Just days after a trade-truce with China, the United States says talks will start back up next week.

(SOUNDBITE) (English) WHITE HOUSE ECONOMIC ADVISER LARRY KUDLOW, SAYING: "We've been accommodative.

We will not lift tariffs during the talks." White House Economic Adviser Larry Kudlow spoke to reporters on Wednesday (July 3), saying though tariffs on China won't be lifted, the U.S. is opening up when it comes to exports.

(SOUNDBITE) (English) WHITE HOUSE ECONOMIC ADVISER LARRY KUDLOW, SAYING: "We are hoping that China will tow its end of it by purchasing a good many American imports, agriculture, agricultural services, maybe industrial, maybe energy -- it's not done yet, but we're hopeful." China might already be working on that.

According to a U.S. rice trade group, a private importer in China last week bought U.S. rice for the first time ever.

They say 40 tonnes of medium grain rice has been milled and packaged.

It's unclear whether the purchase was a goodwill gesture from Beijing, but it comes after another big sale last week: 544,000 tonnes of U.S. soybeans.

China was a major buyer of U.S. soybeans and pork before the trade war started, and after his meeting with Chinese President Xi Jinping Trump said China had agreed to make new purchases of U.S. farm products.

White House officials say talks are heading in the right direction, but it would take time to get the right deal made.

And President Trump this week made clear what his expectations are.

(SOUNDBITE) (English) U.S. PRESIDENT DONALD TRUMP DISCUSSING CHINA, SAYING: "So obviously, we can't make a 50/50 deal.

It has to be a deal that is somewhat tilted to our advantage." This all comes as the U.S. trade deficit hit a five-month high in May.

The Commerce Department on Wednesday said the trade deficit surged over 8% to 55.5 billion dollars.

Experts point to tariffs on Chinese goods.

(SOUNDBITE) (English) BANKRATE, SENIOR VICE PRESIDENT, CHIEF FINANCIAL ANALYST, GREG MCBRIDE, SAYING: "The increase in the trade deficit is entirely related to tariffs.

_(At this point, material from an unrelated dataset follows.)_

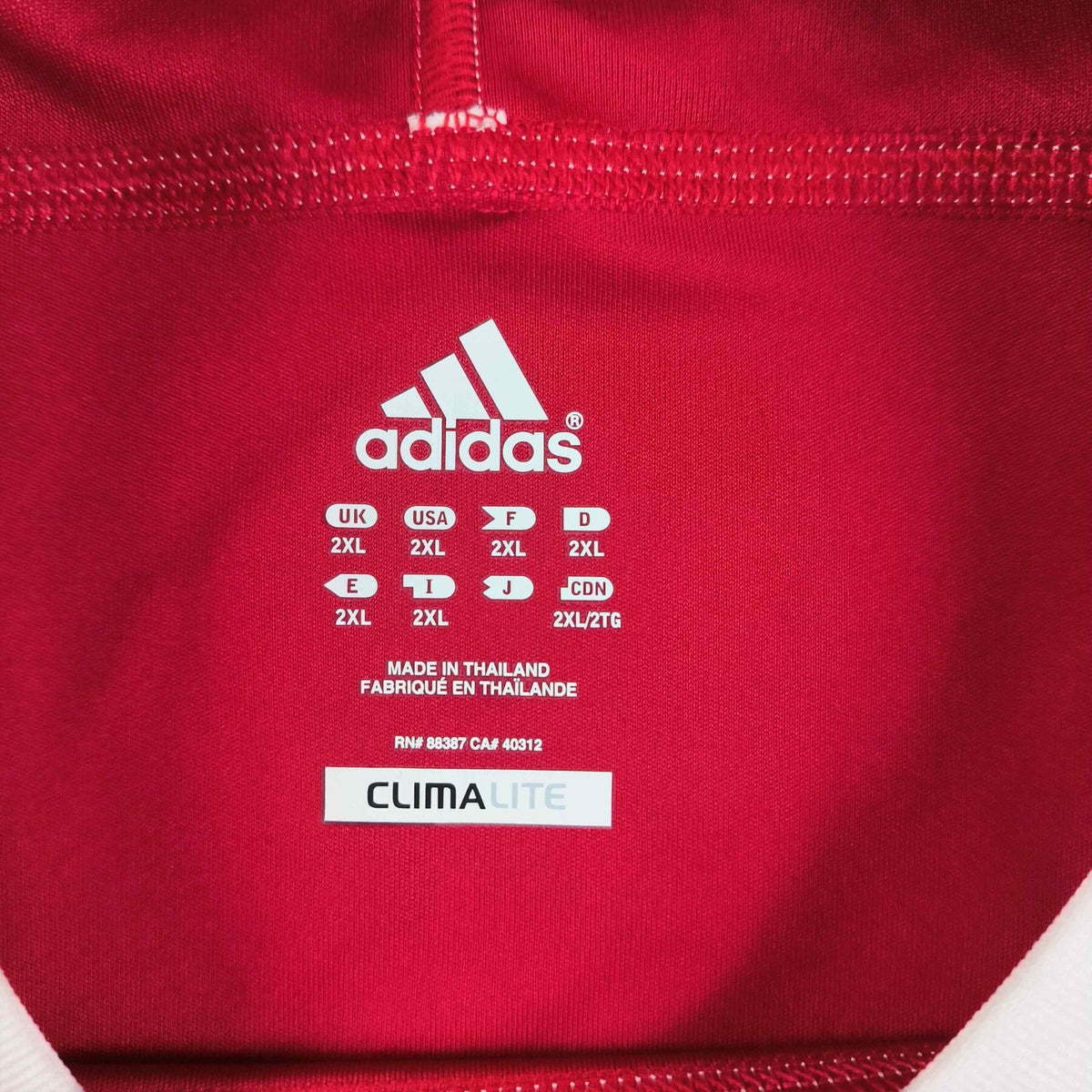 Ingolstadt 2012-13 Adidas home football shirt size XXL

What we saw imported in larger numbers were things that would otherwise be subject to tariffs, things like automotive goods, industrial goods, capital goods, machinery, the type of things that might otherwise be subject to tariffs later, so there's a real incentive to get that stuff onto U.S. shores now before tariffs are applied." The U.S. still has 25% tariffs on 250 billion dollars worth of Chinese products, ranging from semi-conductors to furniture.